Axel Wieder und Jesko Fezer arbeiten auf verschiedenen Terrains. Das schließt zum einen Ausstellungen im Kunstraum, aber auch Publizieren, Projektarbeit (im Rahmen der kritischen Architektinnengruppe Freies Fach oder des Projektes Baustop.Randstadt), Musik und Arbeiten im öffentlichen Raum (bis hin zum Vorfilmprogramm der Kinos) mit ein. Inhaltlich hat sich der Blick auf die Welt ( oh, no!) zu einem Blick auf Stadt / Architektur verdichtet. Stadt erscheint darin aber weder als Plan noch als abbildbares Raumgefüge gesellschaftlicher Verhältnisse, sondern als politische Konstellation, aus der heraus sich wieder Versatzstücke beziehen, neu zusammenstellen und neu deuten lassen. So ein Versatzstück ist ein von der irischen Designerin und Architektin Eileen Gray entworfenes Sofa. Gray prägte knapp nach dem ersten Weltkrieg einen ganz eigenen Modernismus-Begriff. Das Sofa steht nun im Galerieraum als ein Möbelstück, das zwar immer noch verkauft wird, niemand aber so recht haben möchte, weil es sich nach der Moderne als zu klein herausgestellt hat. Mit diesem Sofa kommen verschiedene Assoziationsflächen in die Ausstellung. Der Bezug auf die Person Eileen Gray platziert weitere Bezüge zu geschlechtsspezifischer Geschichtsschreibung, dem Privaten als gesellschaftliches Verhältnis und diverser Funktionlogiken im Postfordismus in der Galerie. Die Galerie ist einer vieler möglicher Orte, auf diese Bezüge zurückgreifen.

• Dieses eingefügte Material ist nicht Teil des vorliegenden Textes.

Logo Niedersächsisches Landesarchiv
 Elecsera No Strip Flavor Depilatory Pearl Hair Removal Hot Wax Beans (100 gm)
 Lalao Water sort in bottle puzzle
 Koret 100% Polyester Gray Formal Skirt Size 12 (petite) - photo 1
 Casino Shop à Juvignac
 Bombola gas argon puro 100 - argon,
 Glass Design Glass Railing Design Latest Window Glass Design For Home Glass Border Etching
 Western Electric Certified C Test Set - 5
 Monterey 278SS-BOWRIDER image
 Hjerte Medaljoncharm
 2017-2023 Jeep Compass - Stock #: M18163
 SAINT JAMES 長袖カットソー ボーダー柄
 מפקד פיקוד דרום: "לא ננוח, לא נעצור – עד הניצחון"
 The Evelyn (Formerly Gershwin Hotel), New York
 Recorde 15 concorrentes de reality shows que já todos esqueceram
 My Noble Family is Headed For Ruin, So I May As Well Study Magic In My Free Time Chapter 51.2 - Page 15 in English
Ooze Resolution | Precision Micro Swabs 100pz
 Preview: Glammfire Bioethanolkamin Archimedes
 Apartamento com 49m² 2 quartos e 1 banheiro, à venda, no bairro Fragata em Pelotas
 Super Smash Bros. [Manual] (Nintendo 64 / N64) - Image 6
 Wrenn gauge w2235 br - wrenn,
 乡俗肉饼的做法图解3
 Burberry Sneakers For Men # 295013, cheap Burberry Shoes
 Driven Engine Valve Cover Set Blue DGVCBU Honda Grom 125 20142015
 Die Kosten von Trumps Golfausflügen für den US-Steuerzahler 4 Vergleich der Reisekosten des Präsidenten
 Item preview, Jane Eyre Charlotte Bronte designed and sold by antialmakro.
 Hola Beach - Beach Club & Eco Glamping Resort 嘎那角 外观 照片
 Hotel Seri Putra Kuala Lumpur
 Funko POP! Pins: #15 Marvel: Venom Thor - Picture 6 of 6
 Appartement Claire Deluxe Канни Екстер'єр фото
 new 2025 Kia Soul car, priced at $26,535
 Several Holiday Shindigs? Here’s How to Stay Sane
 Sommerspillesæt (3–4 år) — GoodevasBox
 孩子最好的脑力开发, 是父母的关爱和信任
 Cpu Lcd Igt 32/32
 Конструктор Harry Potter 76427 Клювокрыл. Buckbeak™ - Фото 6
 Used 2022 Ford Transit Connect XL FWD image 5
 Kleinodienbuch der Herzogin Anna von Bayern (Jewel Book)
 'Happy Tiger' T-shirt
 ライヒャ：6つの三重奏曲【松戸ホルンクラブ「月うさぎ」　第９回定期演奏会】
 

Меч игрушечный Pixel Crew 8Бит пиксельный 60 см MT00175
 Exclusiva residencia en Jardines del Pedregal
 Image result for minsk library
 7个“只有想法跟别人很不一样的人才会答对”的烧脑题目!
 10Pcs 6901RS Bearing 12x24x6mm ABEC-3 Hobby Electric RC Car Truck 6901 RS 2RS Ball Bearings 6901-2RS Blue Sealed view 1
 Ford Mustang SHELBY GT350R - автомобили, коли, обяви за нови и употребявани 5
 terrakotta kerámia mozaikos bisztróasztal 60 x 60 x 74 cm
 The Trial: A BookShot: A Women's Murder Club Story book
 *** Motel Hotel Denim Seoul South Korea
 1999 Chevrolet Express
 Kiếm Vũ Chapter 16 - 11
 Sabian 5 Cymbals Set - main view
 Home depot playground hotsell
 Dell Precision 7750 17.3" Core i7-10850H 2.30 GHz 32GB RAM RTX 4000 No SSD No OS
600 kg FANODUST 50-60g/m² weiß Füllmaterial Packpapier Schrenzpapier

Die Ausstellung ist in sich eine Erzählung über Beschäftigung mit einem Thema und dem Schwanken dabei zwischen interessanten Phänomenen, Analyse und Information/Feldarbeit, bei der, wie es Kritikerinnen formulieren, das eigentliche Feld der Kunst verlassen wird. Die Frage nachdem Thema ist die frage nach der Ausstellbarkeit, der Funktion einer visuellen Repräsentation von gesellschaftlichen Themen, dem Stellenwert von Information und deren Abbildbarkeit.